# die neue "Gartenteich" ist da ! 2/2008



## karsten. (7. März 2008)

Hallo Hallo
Die neue "Gartenteich" ist da ! 2/2008

ab jetzt in Folie
damit die Flyer und Samentütchen nicht mehr raus fallen ....

u.a. mit den Themen :

kultivieren von __ Lotus in unseren Breiten
alles über den Eisvogel
__ Quellmoos  
neue Seerosen
ein Bericht zu richtig klarem Wasser in Gartenteichen
( leider auf ziemlich flachem Niveau )
zwei Bauberichte zu Kleinstteichen
nette Technik new´s 
Vorschau auf die Inter-Koi
ein Ratgeberteil wo u.a. die Frage eines Lesers beantwortet wurde ob man

bei einem "fehlerhaften" TANCHO mit Scalpell oder Rasierklinge nachhelfen kann  :crazy 

uvm.



Zu Gewinnen gibt´s ne schöne Pumpe  

aber nur für den der * Aronstab* kennt !   



insgesamt 

Empfehlenswert


----------



## ThomasK. (7. März 2008)

*AW: die neue "Gartenteich" ist da ! 2/2008*

Ich hab schon immer mal nach dieser Zeitschrift gesucht, hab sie aber in noch keinem Laden gefunden. Jeeede Menge Gartenlblablabla aber keine Gartenteich.


----------



## karsten. (7. März 2008)

*AW: die neue "Gartenteich" ist da ! 2/2008*

in fast jeder Bahnhofsbuchhandlung 

oder im ABO  4x im Jahr 

mfG


----------



## ThomasK. (7. März 2008)

*AW: die neue "Gartenteich" ist da ! 2/2008*

:? Dann muß ich wohl blind sein. Hab jetzt den Koi Kurier als Abo, reicht erstmal.


----------



## Dodi (7. März 2008)

*AW: die neue "Gartenteich" ist da ! 2/2008*

Moin Thomas!

Ein netter Betreiber eines Zeitungsgeschäfts bestellt Dir die "Gartenteich" sicher gerne, wenn Du mal eine haben möchtest!  
Habe ich auch schon gemacht.


----------



## Frank (7. März 2008)

*AW: die neue "Gartenteich" ist da ! 2/2008*



			
				Karsten schrieb:
			
		

> in fast jeder Bahnhofsbuchhandlung



und wenn man gar keinen Bahnhof in seiner Stadt hat?
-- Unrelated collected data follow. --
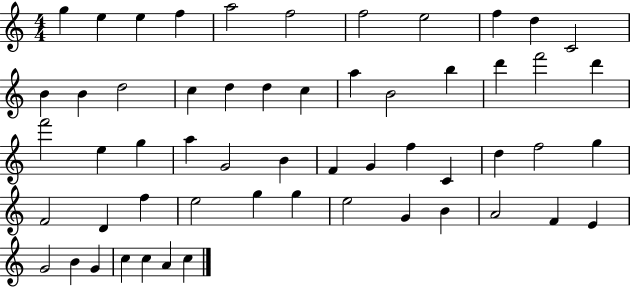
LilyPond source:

{
  \clef treble
  \numericTimeSignature
  \time 4/4
  \key c \major
  g''4 e''4 e''4 f''4 | a''2 f''2 | f''2 e''2 | f''4 d''4 c'2 | \break b'4 b'4 d''2 | c''4 d''4 d''4 c''4 | a''4 b'2 b''4 | d'''4 f'''2 d'''4 | \break f'''2 e''4 g''4 | a''4 g'2 b'4 | f'4 g'4 f''4 c'4 | d''4 f''2 g''4 | \break f'2 d'4 f''4 | e''2 g''4 g''4 | e''2 g'4 b'4 | a'2 f'4 e'4 | \break g'2 b'4 g'4 | c''4 c''4 a'4 c''4 | \bar "|."
}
Was ich mich allerdings ernsthaft frage:
Bisher hatte ich meine Gartenteich *immer* vor dem Eröffnen einen Freds hier von dir, aber heute ...


----------



## karsten. (7. März 2008)

*AW: die neue "Gartenteich" ist da ! 2/2008*

neue Regelung  !

kein Bahnhof 

keine "gartenteich"


:troet


----------



## laolamia (7. März 2008)

*AW: die neue "Gartenteich" ist da ! 2/2008*



			
				karsten. schrieb:
			
		

> neue Regelung  !
> 
> kein Bahnhof
> 
> ...



muss an dem bahnhof noch ein zug halten oder zaehlt auch bahnhofswildnis? :smoki


----------



## Dr.J (7. März 2008)

*AW: die neue "Gartenteich" ist da ! 2/2008*

@Karsten

alter Hut  hab meine schon seit gestern.

OFF-Topic on
BTW. Bald sind die Bahnhöfe eh nur noch Obdachlosen-Asyle, weil dank der Streithähne (Bahn & GDL) bald garkeine Züge mehr fahren. 
OFF-Topic off


----------



## Eugen (7. März 2008)

*AW: die neue "Gartenteich" ist da ! 2/2008*

Meine ist auch noch nicht da.  

Und nun weiß ich schon das Lösungswort.


----------



## jochen (7. März 2008)

*AW: die neue "Gartenteich" ist da ! 2/2008*

Hi,

hab gestern drinn geschmöckert... 

schade ist, das der __ Quellmoos Beitrag nur zwei Seiten erhalten hat,
und das, das Niveau vom "glasklaren Wasserbeitrag" wie von Karsten schon beschrieben eher schwach ist,

ansonsten viel Interessantes für unsere Seerosenfreaks,
und für die Kleinteichfetischisten... ,

Pflanzen werden durch das Mikroskop vorgestellt... 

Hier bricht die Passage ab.